═══ Extracted material

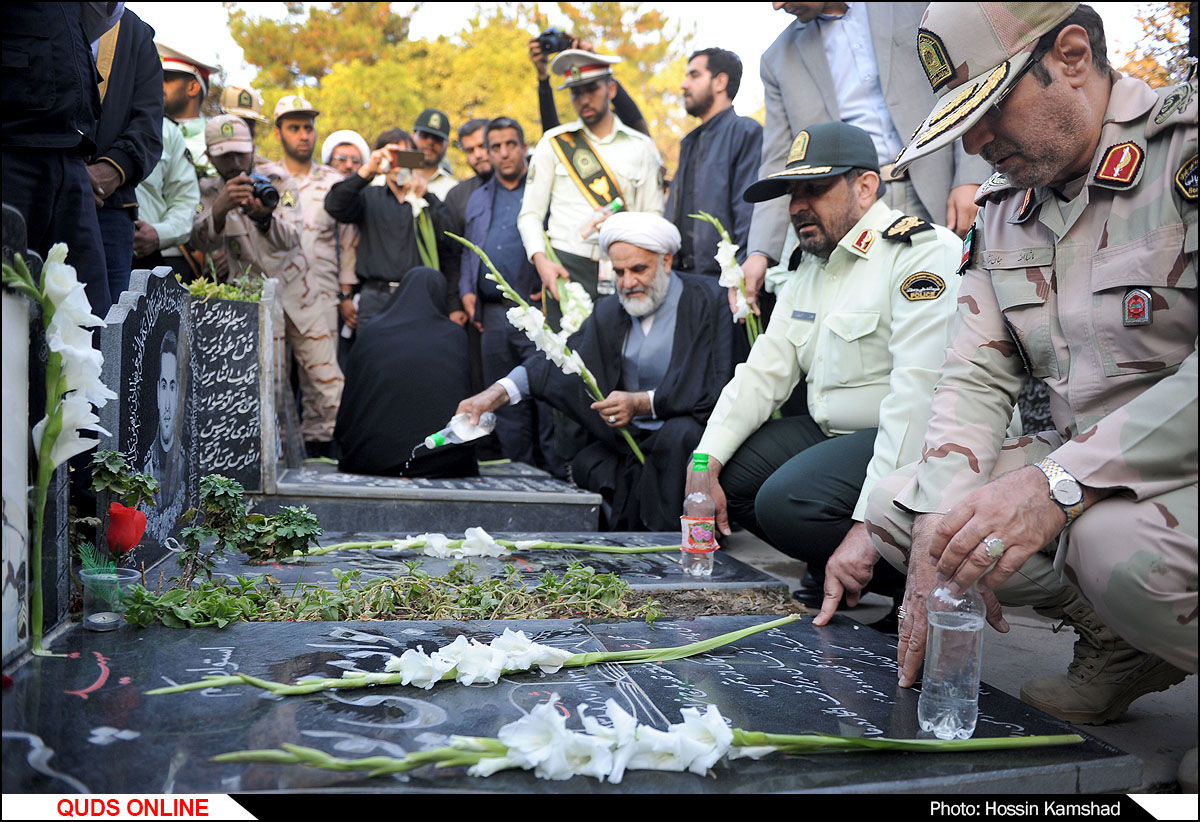 غبارروبی و عطرافشانی مزار شهدا در آخرین روز از هفته ناجا در بهشت رضای مشهد انجام شد/گزارش تصویری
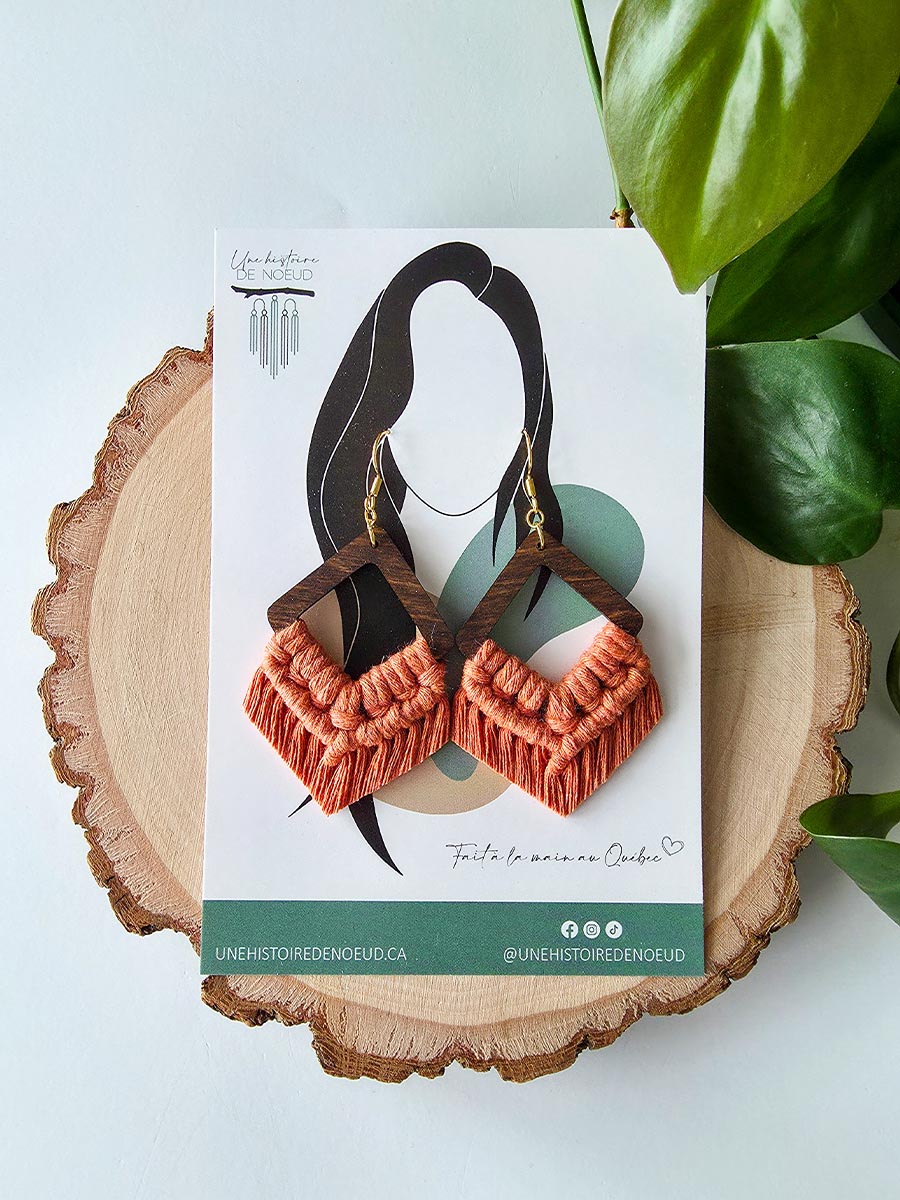 Boucles d'oreilles en macramé sur base en bois grande, couleur terracota et crochet or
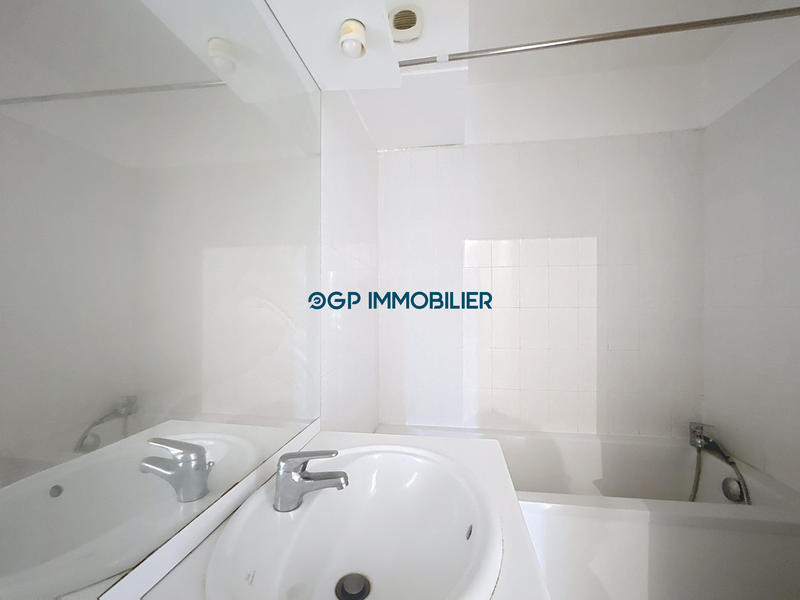 Appartement - 64 m² - 2 pièces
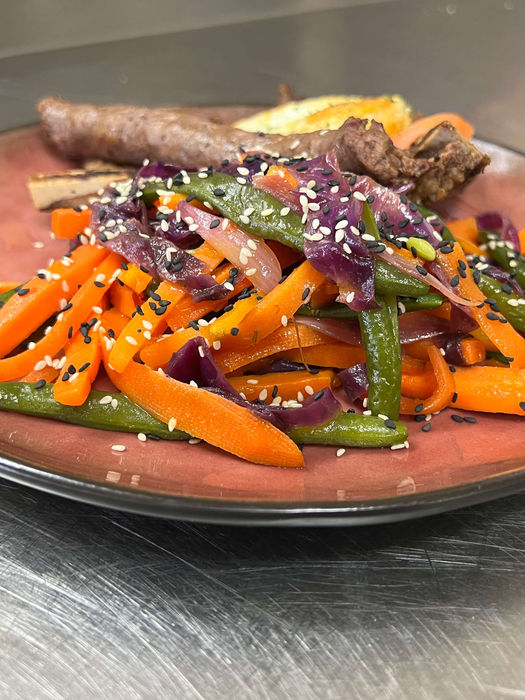 a-plate-of-vegies.restaurant-catering.talonos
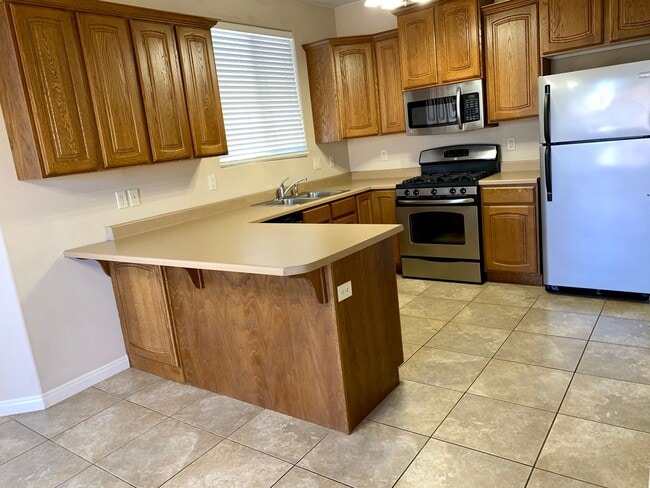 Building Photo - 1795 Snow Canyon Pky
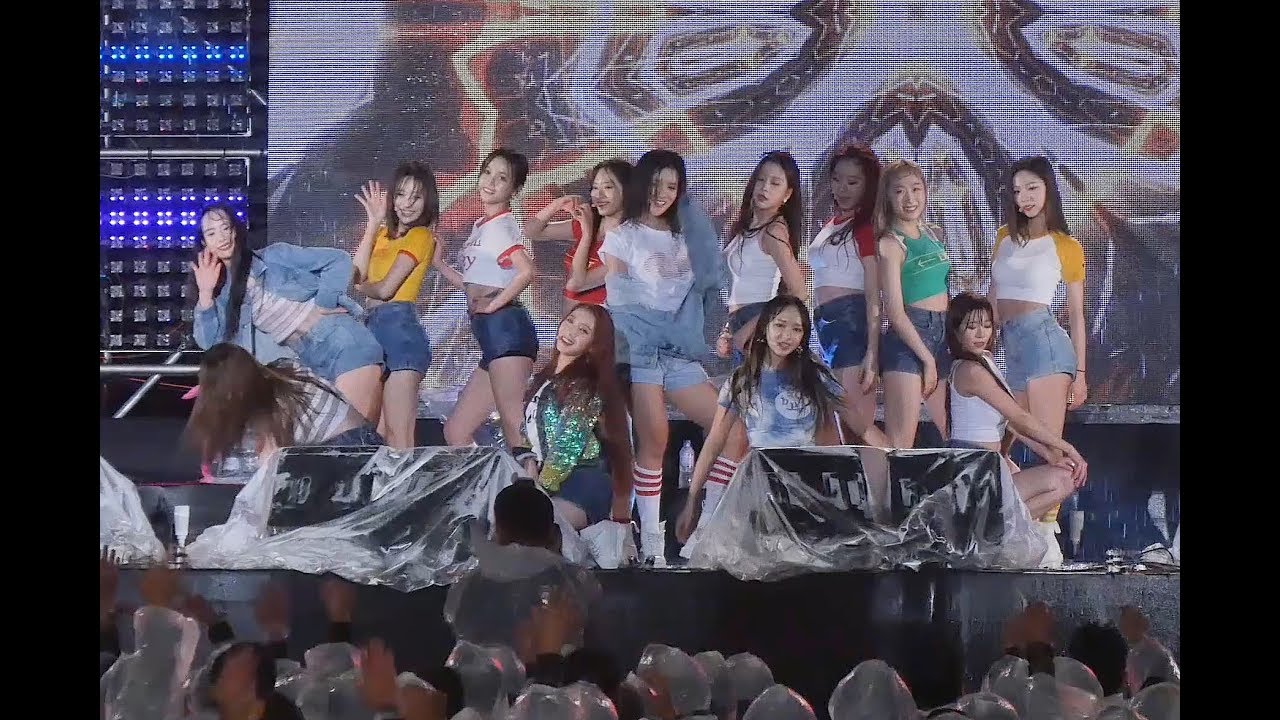 [4K] 171012 우주소녀 직캠 (WJSN) - Catch Me @아라가야 충무 음악회(함안 신병교육대)/Fancam By 쵸리(Chori)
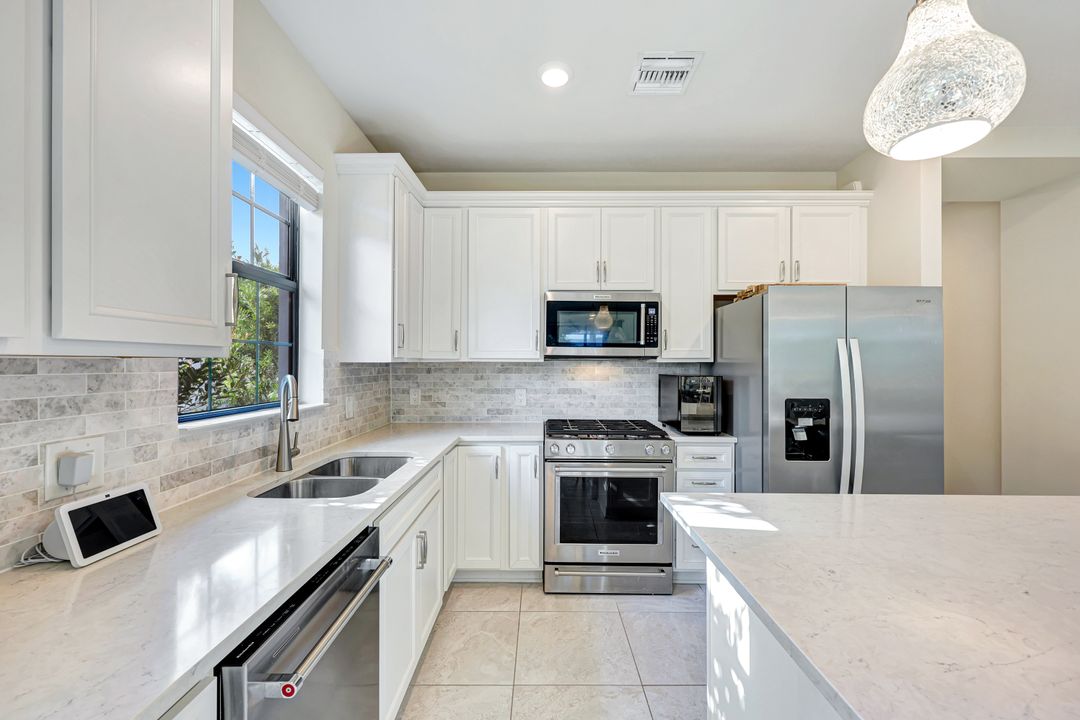 12240 Canal Grande Dr, Fort Myers, FL 33913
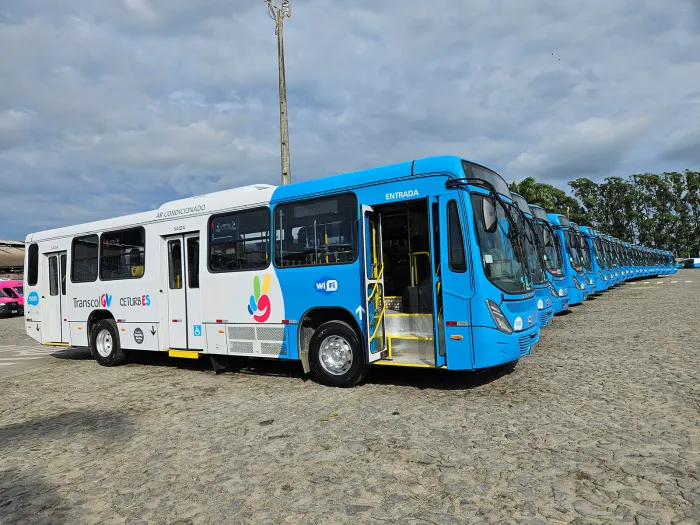 Governo entrega novos ônibus climatizados para o Transcol e testa modelo movido a gás e biometano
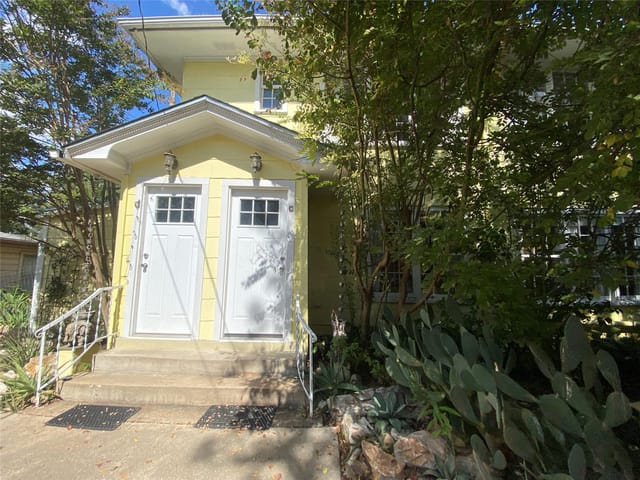 1404 W 12th ST Unit #C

══════

→ Work to complete
Give the entries above again in full and exactly, but not the pictures.

→ Answer for the task
 غبارروبی و عطرافشانی مزار شهدا در آخرین روز از هفته ناجا در بهشت رضای مشهد انجام شد/گزارش تصویری
 Boucles d'oreilles en macramé sur base en bois grande, couleur terracota et crochet or
 Appartement - 64 m² - 2 pièces
 a-plate-of-vegies.restaurant-catering.talonos
 Building Photo - 1795 Snow Canyon Pky
 [4K] 171012 우주소녀 직캠 (WJSN) - Catch Me @아라가야 충무 음악회(함안 신병교육대)/Fancam By 쵸리(Chori)
 12240 Canal Grande Dr, Fort Myers, FL 33913
 Governo entrega novos ônibus climatizados para o Transcol e testa modelo movido a gás e biometano
 1404 W 12th ST Unit #C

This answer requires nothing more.